In her work in film, installation, and print the French-Moroccan artist Bouchra Khalili has spent over ten years examining strategies and discourses of resistance of minorities, elaborating platforms from which their voices can be heard. Her protagonists speak from their own personal situations, formulate narratives of protest in their own languages and gradually join together to form one large, collective voice.
Her new video installation Twenty-Two Hours has its starting point in Jean Genet’s lasting support for revolutionary movements: in his writings the French author repeatedly expressed solidarity with the oppressed from all over the world, referring for example to the Black Panther Party for Self Defense, the civil rights movement founded in 1966 for African-American rights. In Bouchra Khalili’s video installation, two African-American women question the legacy of the African-American struggle for equal rights then and now, as well as well the position of the radical ally, as embodied by Genet. What traces remain of this history? How can we describe the essential link between the power of language and issues of self-representation? How do our history and its poetry influence our current existence and what do they tell us of the spirit of our time?

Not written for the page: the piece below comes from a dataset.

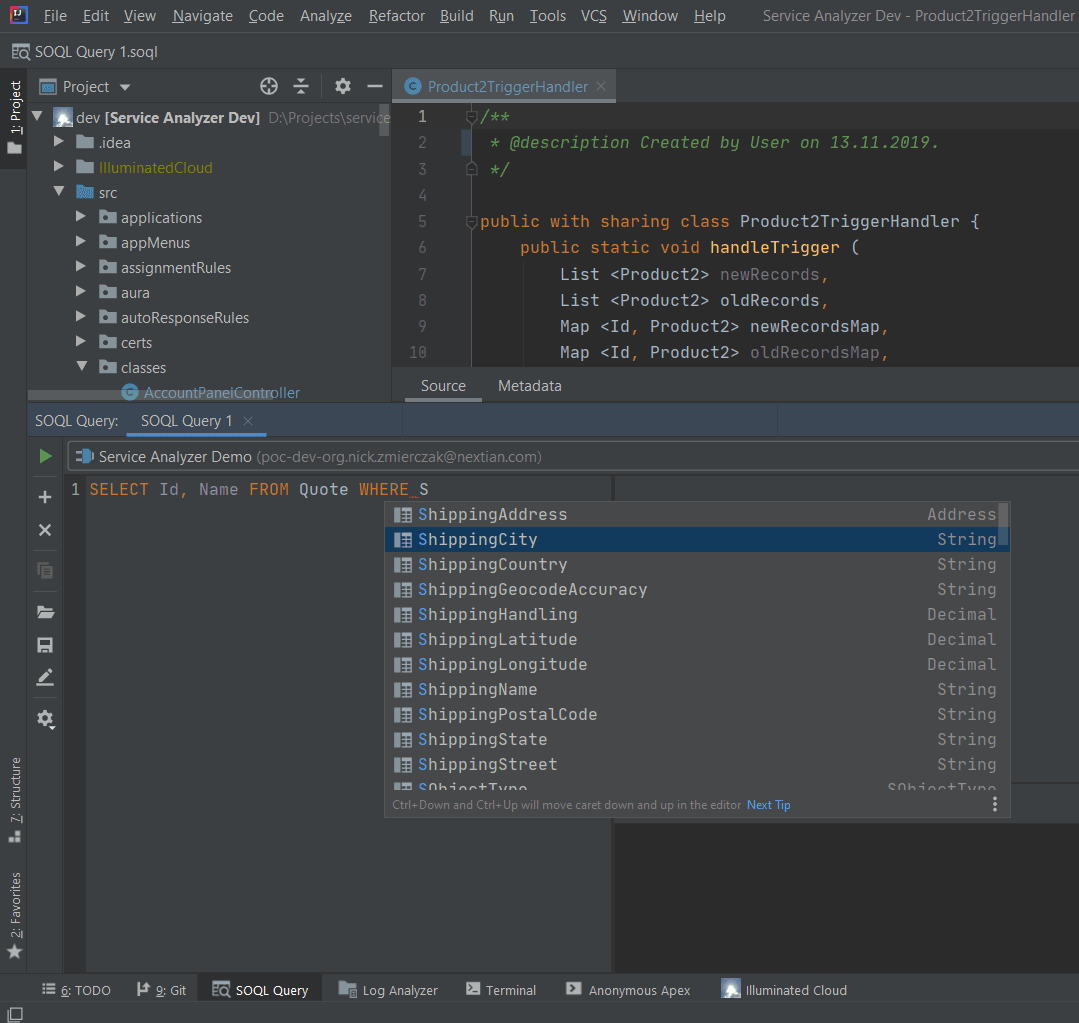 IntelliJ IDEA SOQL query auto-completion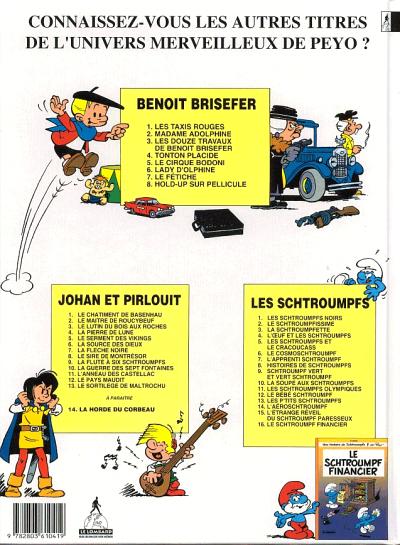 Verso de l'album Benoît Brisefer Tome 8 Hold-Up sur pellicule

Parallel to Twenty-Two Hours Bouchra Khalili also presents The Tempest Society at the Museum Folkwang in Essen. This was her contribution to documenta 14 in 2017: three Athenians from different backgrounds form a group to examine the current state of Europe. They meet on the stage of a former factory turned into a theatrical space. They call themselves “The Tempest Society” in homage to Al Assifa (in Arabic: “the storm”) a theatre company founded in Paris in the 1970s by North African immigrant workers and French students. Their forgotten lega- cy is now revived: on a theatre stage the ‘Tempest Society’ demands equal rights, citizen participation and solidarity.